When it comes to people whose lives aren’t going well, American culture is a harsh judge: if you can’t find enough work, if your wages are too low, if you can’t be counted on to support a family, if you don’t have a promising future, then there must be something wrong with you. When people discover that they can numb negative feelings with alcohol or drugs, only to find that addiction has made them even more powerless, it seems to confirm that they are to blame. We Americans are reluctant to acknowledge that our economy serves the educated classes and penalizes the rest. But that’s exactly the situation, and “Deaths of Despair” shows how the immiseration of the less educated has resulted in the loss of hundreds of thousands of lives, even as the economy has thrived and the stock market has soared. To adapt the old Bill Clinton campaign motto, it’s the unfair economy, stupid.
“We are not against capitalism,” Case and Deaton write. “We believe in the power of competition and of free markets.” But capitalism, having failed America’s less educated workers for decades, must change, as it has in the past. “There have been previous periods when capitalism failed most people, as the Industrial Revolution got under way at the beginning of the nineteenth century, and again after the Great Depression,” they write. “But the beast was tamed, not slain.”

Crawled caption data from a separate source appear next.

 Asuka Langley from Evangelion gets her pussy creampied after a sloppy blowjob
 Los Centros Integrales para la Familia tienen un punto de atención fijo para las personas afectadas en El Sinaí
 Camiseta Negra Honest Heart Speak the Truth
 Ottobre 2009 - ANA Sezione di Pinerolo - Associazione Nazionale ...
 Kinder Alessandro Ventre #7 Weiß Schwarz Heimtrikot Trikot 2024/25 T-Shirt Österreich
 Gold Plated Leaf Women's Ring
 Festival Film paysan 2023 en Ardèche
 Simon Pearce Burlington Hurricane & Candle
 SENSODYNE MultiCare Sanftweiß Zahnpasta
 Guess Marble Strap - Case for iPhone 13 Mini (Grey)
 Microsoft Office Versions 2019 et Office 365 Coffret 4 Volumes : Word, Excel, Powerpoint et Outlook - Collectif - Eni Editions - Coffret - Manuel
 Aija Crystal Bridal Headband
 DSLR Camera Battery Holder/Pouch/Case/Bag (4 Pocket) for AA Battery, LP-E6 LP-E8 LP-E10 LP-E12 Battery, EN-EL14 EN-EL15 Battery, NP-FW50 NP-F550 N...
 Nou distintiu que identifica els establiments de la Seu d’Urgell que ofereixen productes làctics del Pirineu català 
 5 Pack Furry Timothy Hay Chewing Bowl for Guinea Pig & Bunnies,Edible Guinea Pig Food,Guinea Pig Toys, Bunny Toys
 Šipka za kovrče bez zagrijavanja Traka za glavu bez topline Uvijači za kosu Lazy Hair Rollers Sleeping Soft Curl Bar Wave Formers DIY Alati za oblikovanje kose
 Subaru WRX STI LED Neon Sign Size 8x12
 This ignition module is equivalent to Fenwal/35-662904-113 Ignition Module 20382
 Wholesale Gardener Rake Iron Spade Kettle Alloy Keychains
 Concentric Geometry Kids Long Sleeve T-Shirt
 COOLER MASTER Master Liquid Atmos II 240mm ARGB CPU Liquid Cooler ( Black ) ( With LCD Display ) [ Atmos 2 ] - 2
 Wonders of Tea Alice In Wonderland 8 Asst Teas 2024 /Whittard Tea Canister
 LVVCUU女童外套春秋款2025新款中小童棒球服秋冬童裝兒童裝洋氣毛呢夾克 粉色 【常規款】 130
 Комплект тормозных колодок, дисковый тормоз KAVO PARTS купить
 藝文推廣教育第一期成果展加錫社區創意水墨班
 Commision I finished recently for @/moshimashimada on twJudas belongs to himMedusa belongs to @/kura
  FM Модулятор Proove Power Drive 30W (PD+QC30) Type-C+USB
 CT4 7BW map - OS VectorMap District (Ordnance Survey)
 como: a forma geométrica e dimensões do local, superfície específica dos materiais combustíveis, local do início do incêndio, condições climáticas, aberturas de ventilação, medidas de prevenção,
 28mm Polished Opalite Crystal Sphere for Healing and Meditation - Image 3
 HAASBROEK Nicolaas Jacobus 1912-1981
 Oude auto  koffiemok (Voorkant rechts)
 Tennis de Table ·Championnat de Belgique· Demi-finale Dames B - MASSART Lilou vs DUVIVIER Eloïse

Are we capable of again taming the beast? In earlier eras, reform involved child-labor laws, worker-safety protections, overtime requirements, social security, a minimum wage. Today, the battles are over an employer-based system for financing health care, corporate governance that puts shareholders’ interests ahead of workers’, tax plans that benefit capital holders over wage earners. The dispiriting politics of stasis and scapegoating can prevail for a very long time, even as the damage comes into clearer view. We are better at addressing fast-moving crises than slow-building ones. It wouldn’t be surprising, then, if we simply absorbed current conditions as the new normal. We are good at muddling along.
But unexpected things happen, as the coronavirus pandemic demonstrates. One reality in particular will surely fester. Because economic policy is inseparable from health-care policy, the unfairness of the health system is inseparable from the unfairness of the economy—an unfairness measured not only in dollars but in deaths. The blighted prospects of the less educated are a public-health crisis, and, as the number of victims mounts, it will be harder to ignore.